Five months after the Commission approved Amendment 2 to the FBO Lease, it approved a
"restated" Amendment 2. This "restated" Amendment 2, approved on January 28, 2009,
represented the third major change of scope for the FBO Project. The scope changes primarily
consisted of an increase in the size of the Customs Facility from a two-story building to a three-
story building. According to the staff report prepared by the Aviation Director, the purpose of the
Customs Facility expansion was to "facilitate potential use by larger international aircra-ft."
Terminal and FBO Projects Managed With Insufficient Controls
SBIAA did not establish effective policies, procedures, and controls for the Terminal
Development and FBO projects given the level of financial risk that the Authority had taken on.
The purchasing policies have been inadequate and have, by and large, been ignored by SBIAA
for the purposes of these two projects.
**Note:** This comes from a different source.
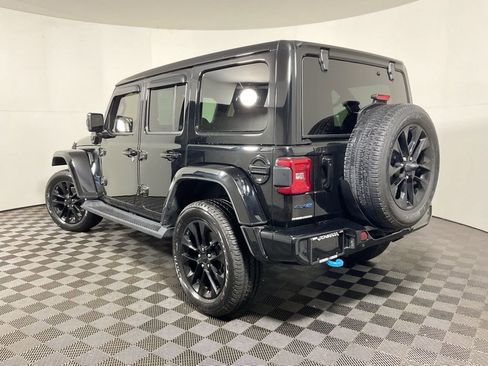 Used 2021 Jeep Wrangler Unlimited Sahara image 11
Also, there have been no truly independent audits of the
Terminal Development or FBO projects. In addition, the controls set up in the Terminal Lease
Agreement have not been enforced by SBIAA management. Moreover, the independent fund
control process frequently referred to by SBIAA management and the developer as a laborious
and detailed check is inadequate to prevent waste or abuse of taxpayer funds.
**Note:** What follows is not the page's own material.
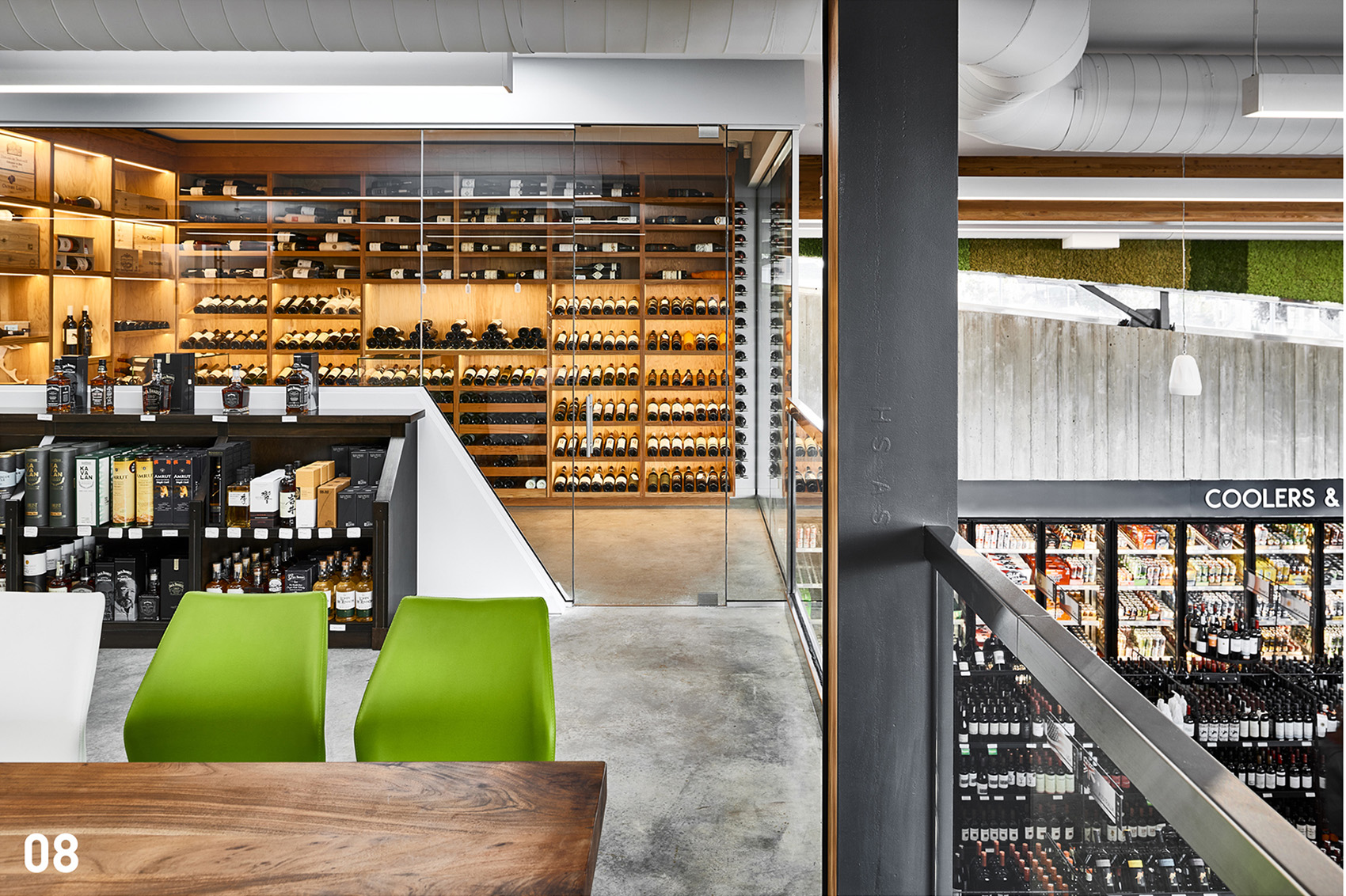 Tudor House酒类商店，加拿大 / GBL Architects-28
The failure to establish effective controls for the Terminal Development and FBO projects has
resulted in, at the very least, inappropriate expenses from SBIAA funds.
Purchasing Policies Inadequate for Terminal and FBO Projects
The purchasing policy for IVDA and SBIAA, entitled Purchasing Policies and Change Order
Procedures is inadequate for general procurement and specifically for the use of contractual
services. The Purchasing Policy is outdated, lacks evidence of Board or Commission approval,
appears unfinished, and lacks sufficient controls for professional services agreements.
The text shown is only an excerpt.